Foi numa destas tardes de outono, que me dei a percorrer as ruas da Alta como quem quebra a rotina por uns instantes. Trepar a colina desta cidade é como quem escala uma montanha robusta e mítica, coroada pelos mais altos símbolos da cultura e do conhecimento. Quem sobe a Couraça de Lisboa jamais consegue passar indiferente ao que dali a vista alcança. Assiste-se daquela íngreme ladeira a uma paisagem talhada pela natureza e pelo Homem, traços de um casario antigo, forjado entre uma arquitetura contemporânea que em Coimbra se encaixa singularmente entre as paredes dos conventos, pois Coimbra é terra de Mosteiros, onde se semearam as primeiras sementes da pedagogia que deram o fruto intelectual de que hoje esta terra se conhece. As ruas cruzam-se em vielas carregadas de memórias, culminando estes fragmentos do tempo numa barca cheia de lendas que atracou para sempre nas margens do Mondego, águas que passeiam os pés desta Musa a quem os salgueiros fazem vénia vergando-se de saudade. Prosseguindo esta rua calcetada a calhau rolado, que com azar nos faz escorregar, vão-se escondendo do olhar as serranias que moldam o horizonte viçoso do nascente assim como as planuras do Baixo Mondego que se estendem até ao mar.

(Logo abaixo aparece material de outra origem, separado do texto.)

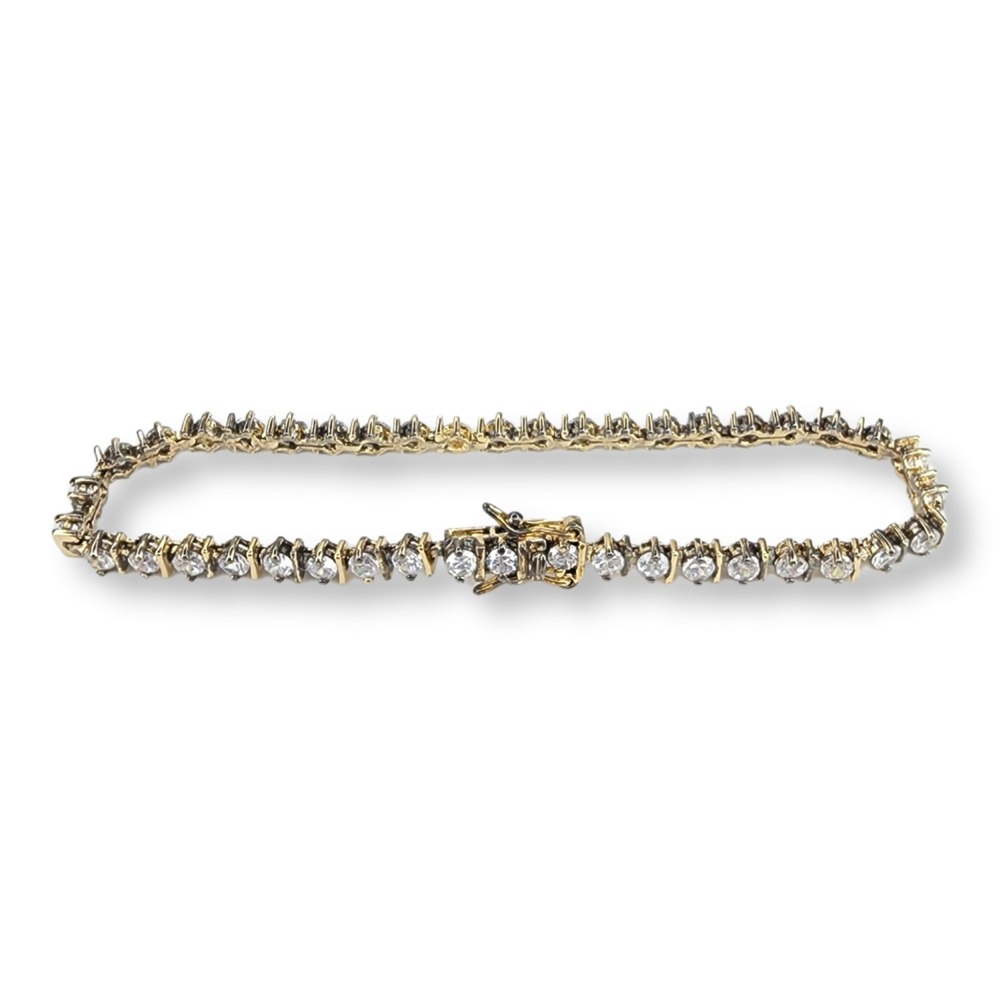 DL Tennis Bracelet Gold Vermeil 7.25in Yellow Cubic Zirconia 925 Sterling Silver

A Cabra parece que me ia chamando com o seu badalar solto e timbroso. Chegado ao largo da Porta Férrea, nem sei se eram mais turistas que estudantes. Esta Atenas velha e soluçante de emoções continua a ser o ponto de atração de um Portugal mais rural que urbano, fincando por vezes esse lado rural longe destes visitantes dos quatro cantos do mundo, mesmo estando por perto. Tratados os assuntos que aqui me traziam, desci ao Jardim Botânico onde Brotero saúda no seu trono que vai escurecendo com as feições do tempo. As folhas vão forrando o chão deste nobre jardim, onde as mais variadas espécies caducas se vão libertando daquele castanho cru, tonalidades de uma estação em que o vento e a chuva atenuam o coro salutante das aves.

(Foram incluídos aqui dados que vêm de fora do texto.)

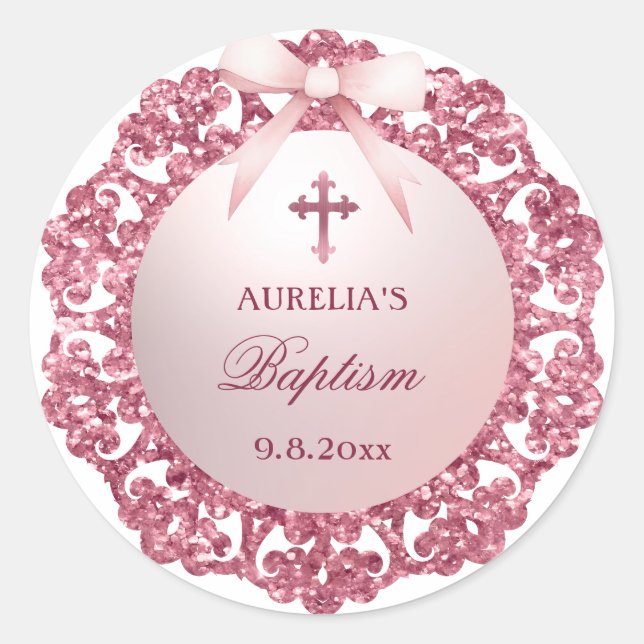 Adesivo Vintage Glitter Frame Pink Arco Baptism (Frente)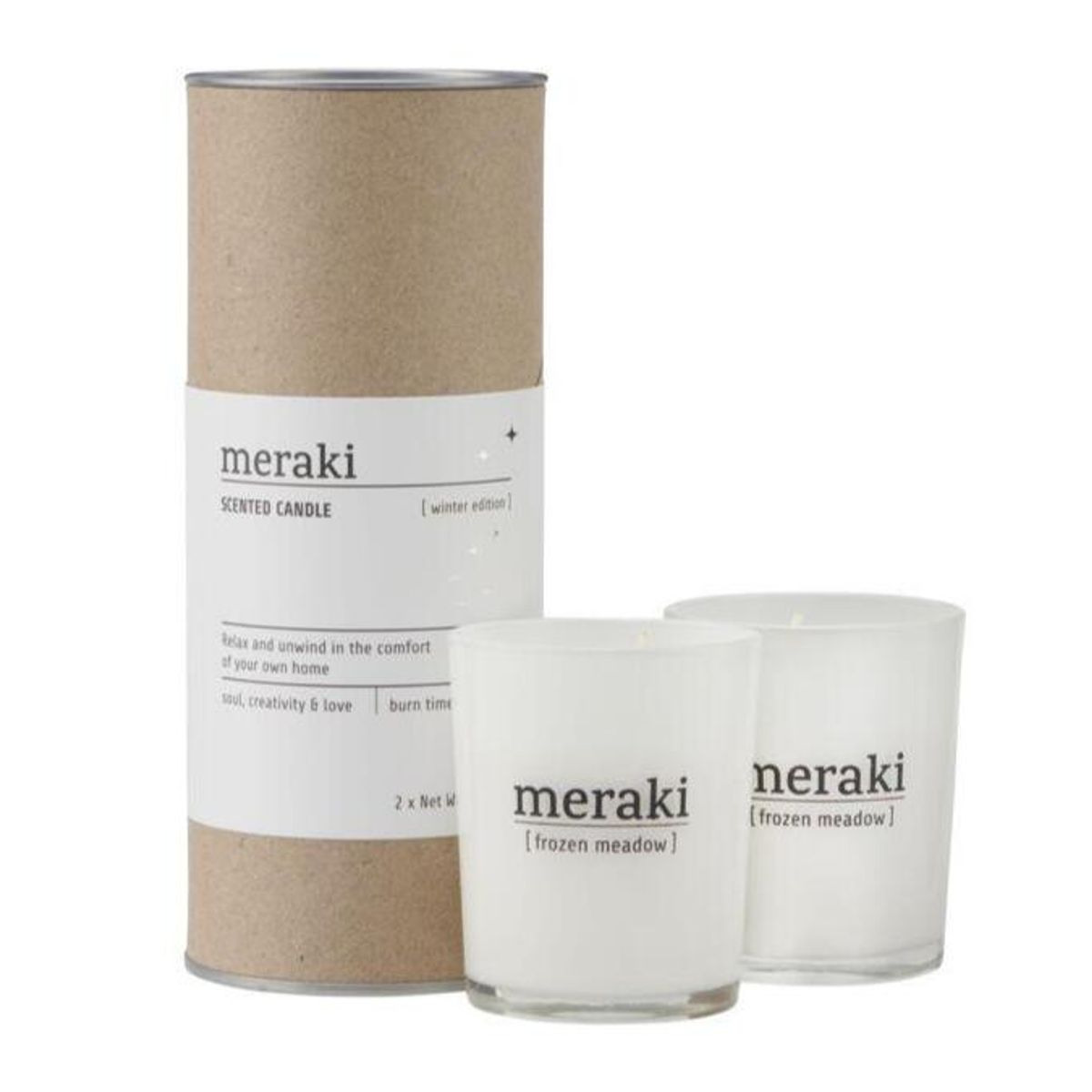 Meraki Duftlys, Winter edition h: 6.7 cm, dia: 5.5 cm, 2 stk.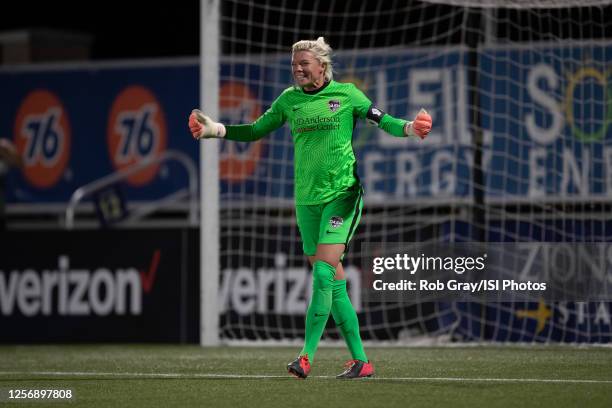 Jane Campbell of Houston Dash reacts to blocking a penalty kick during a game between Utah Royals FC and Houston Dash at Zions Bank Stadium on July...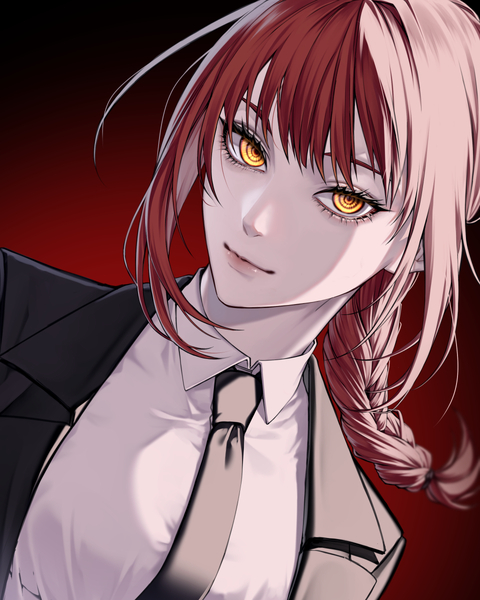 Anime picture 960x1200 with chainsaw man mappa makima (chainsaw man) hongjake single long hair tall image looking at viewer fringe simple background yellow eyes upper body red hair braid (braids) single braid red background girl shirt necktie white shirt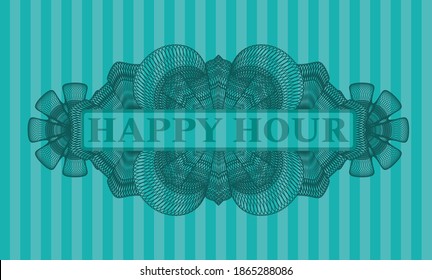 Happy hour text inside Currency Turquoise badge. Bars delicate background. Intense illustration.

Foi neste ambiente magistral que me deparei em pleno jardim com uma exposição de imagens magnificamente expostas, “Douro – Exposição de Arte Pública”. Num conjunto de módulos iluminados ali se apresentava na cidade do Mondego uma sentida obra fotográfica, reflexo de costumes e paisagens, artes e rostos de um povo que talhou a região do Douro de escadas erguidas ao céu, como que elevando no viso dos montes um cálice de vinho, “fruto das videiras e do trabalho do Homem”. Poder assistir àquelas imagens foi sem dúvida encontrar as margens de dois rios distantes, mas tão próximos na sua cultura de portugueses que são. Além dos tantos filhos da região Duriense que estudaram e partiram, outros que vieram e permanecem em Coimbra, referir nomes como Miguel Torga, Trindade Coelho, entre tantos outros é elencar a ligação de pessoas que por muitos anos tiveram o corpo às margens do Mondego, mas de alma sempre afincada ao Douro que os viu desde a meninice.
Se “todas as águas se encontram no mar”, o Douro já terá fundido o seu mosto com as águas do Mondego, angustiadas de amores e frias de neve.